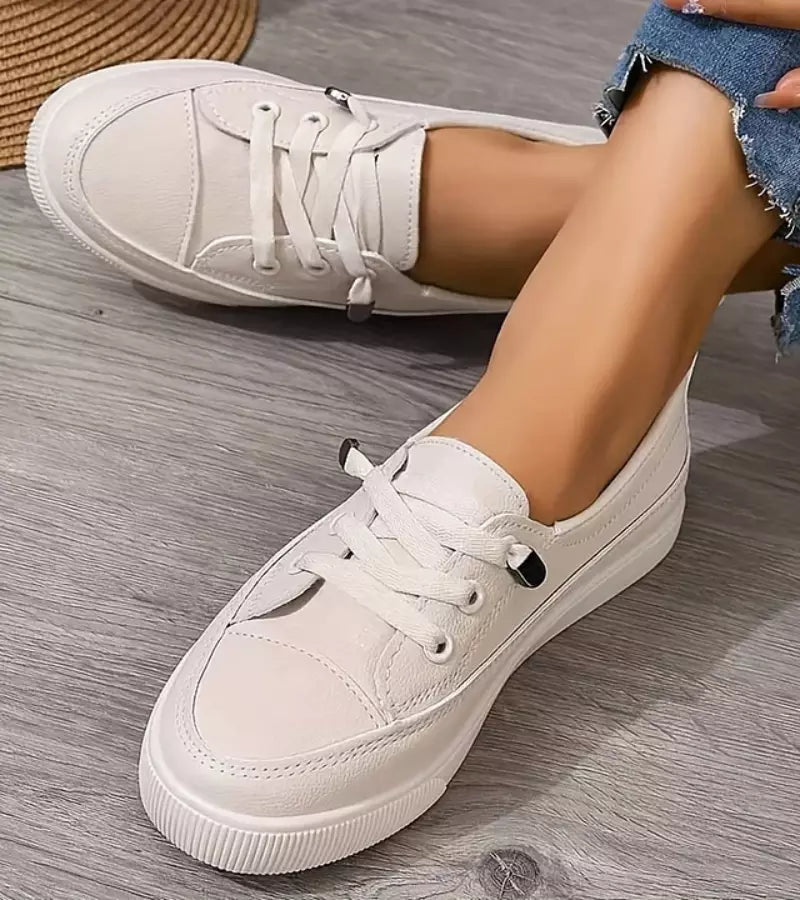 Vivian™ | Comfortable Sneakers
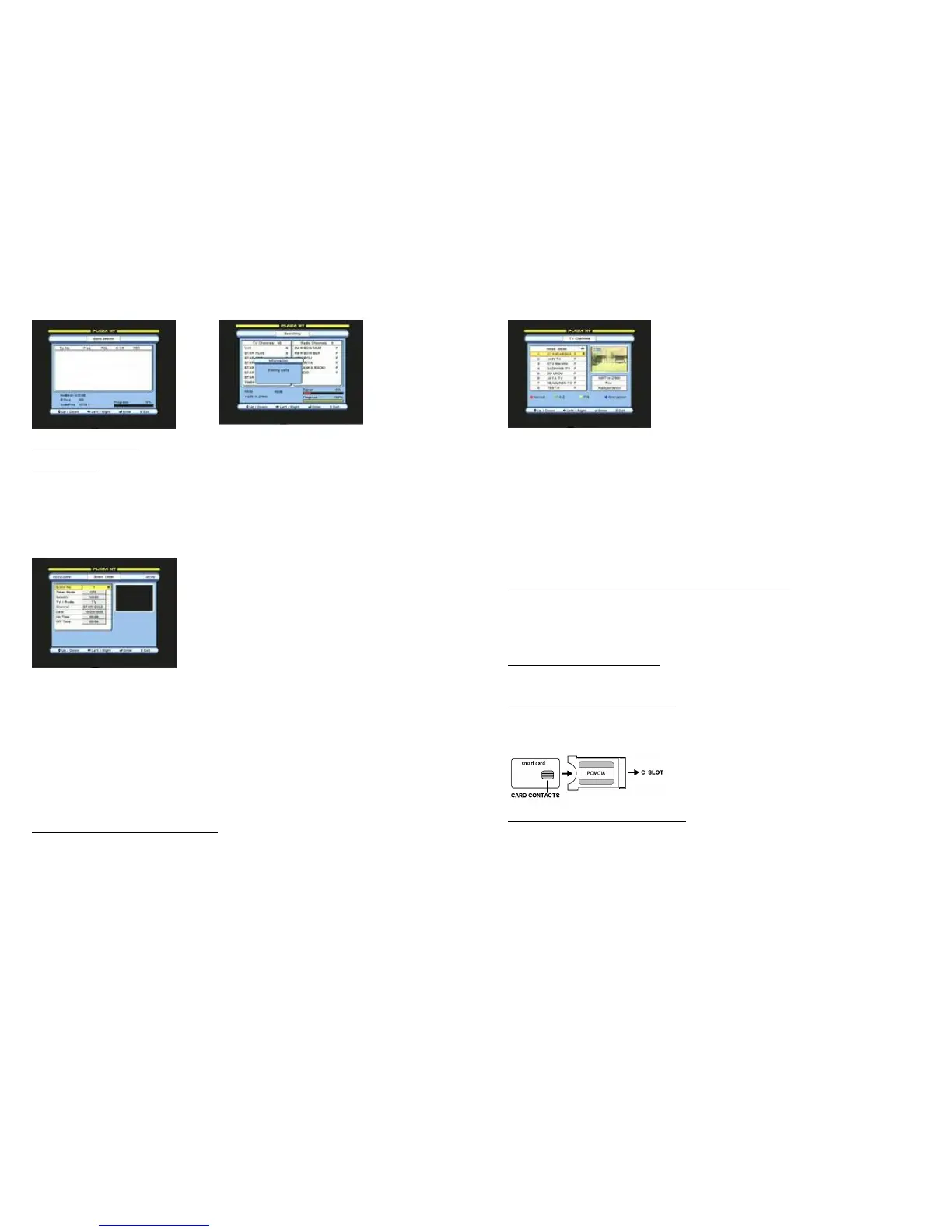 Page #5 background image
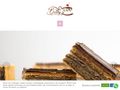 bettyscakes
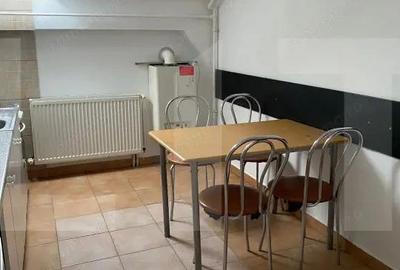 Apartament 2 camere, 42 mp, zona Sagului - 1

Exercise directions: Without the pictures, transcribe the lines from the one containing "bettyscakes" through the end of the data, exactly and only those.

Solution to the exercise:
 bettyscakes
 Apartament 2 camere, 42 mp, zona Sagului - 1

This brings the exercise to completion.